Governor Chilundo holds a Ph.D. degree from the University of Minnesota, USA (1995) in African Social and Economic History. He is Associate Professor in the History Department at Universidade Eduardo Mondlane (UEM). He has been lecturing since 1986, after his graduation with distinction from Charles University in the former Republic of Czechoslovakia.

As a visiting Professor he has lectured at Colgate University in the USA. He has also taught at the University of Minnesota and delivered lectures at McGill University in Canada and at the University of Illinois, Champaign-Urbana, USA. He has also served as an external examiner at Agostinho Neto University in Angola.

His publications include books and articles on social and economic history as well as on land use and higher education issues.

Apart from teaching at the university, between 2001 and 2015 he has been involved in the management of higher education at the national level in Mozambique. First as the Coordinator of Higher Education (2001-2005) in the Ministry of Higher Education, Science and Technology, then as an adviser to the Minister of Education and Culture on higher education matters (2005-2010), and finally as Deputy Minister of Education responding for Higher Education (2010-2015). Previously he had served as the Planning Director at Eduardo Mondlane University between 1997 and 2001.

Between 2006 and 2012 he was part of the ADEA Working Group on Higher Education, which he chaired from 2009 to 2012.

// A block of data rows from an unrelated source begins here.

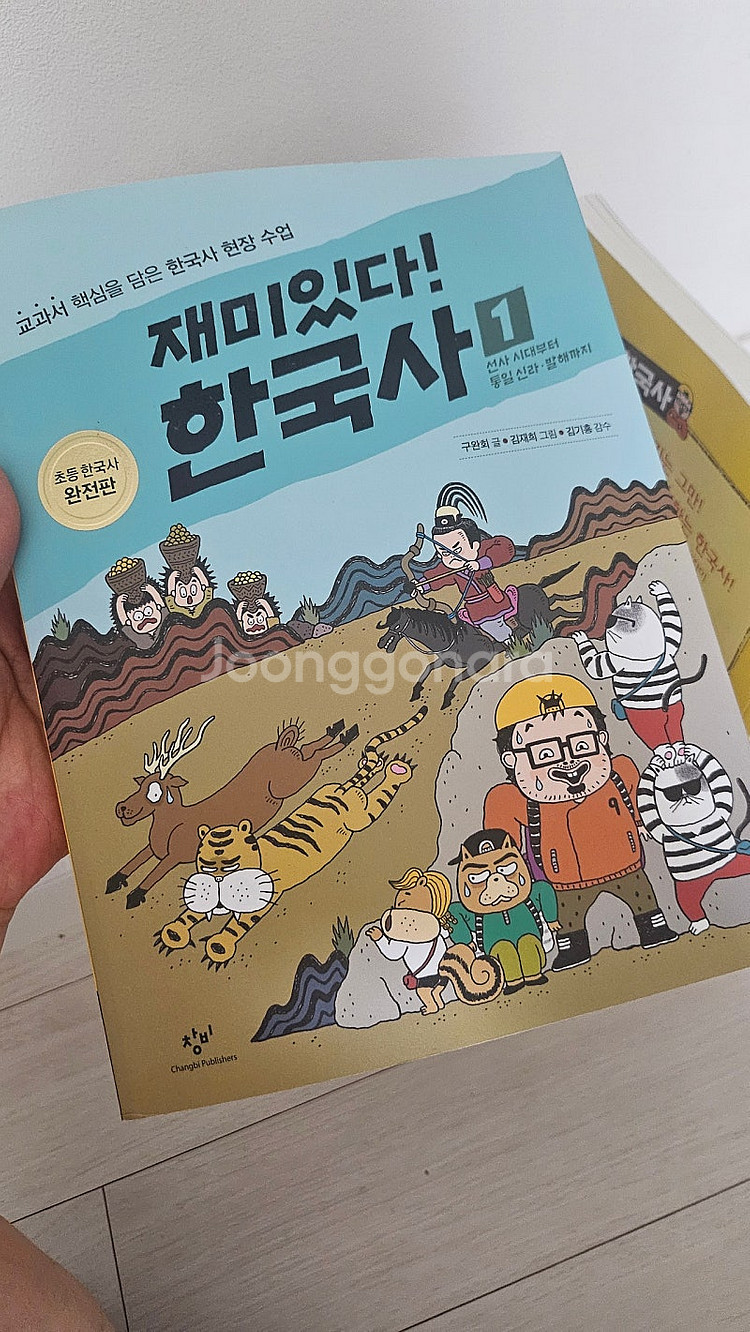 CNA 논술교재_재미있다 한국사1-6--2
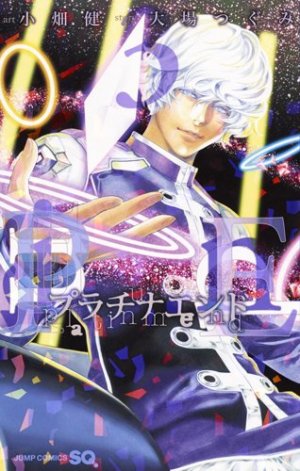 couverture, jaquette Platinum End 3  (Shueisha) Manga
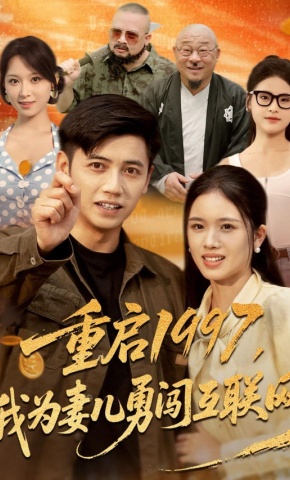 短剧《重启1997，我为妻儿勇闯互联网》海报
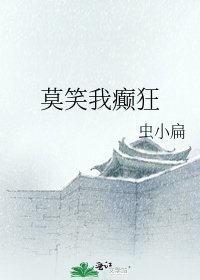 《莫笑我癲狂》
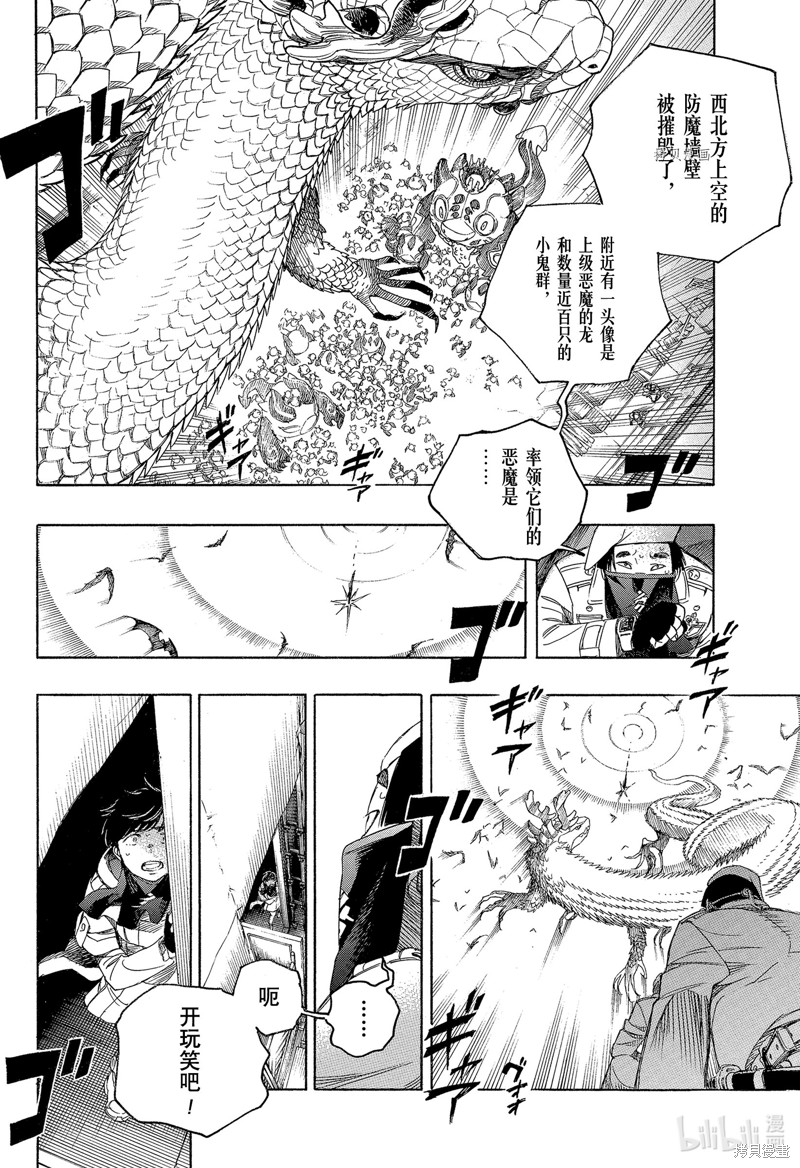 第139话43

On a part-time basis he chaired the Land Studies Unit, known in Portuguese, as Núcleo de Estudos de Terra e Desenvolvimento, between 1997 and 2006, which was responsible for research on land and environmental issues, including gender in rural areas. Funded initially by USAID, then by Ford and Kellogg Foundations, this Unit was responsible for recommending new land legislation and its dissemination throughout the country, for training many young Mozambicans in research leading to scientific essays for the completion of the first degrees, and for sending abroad students for their M.A. degrees. Later the Unit led the process that established the first M.A. degree in Mozambique in Rural Sociology and Development.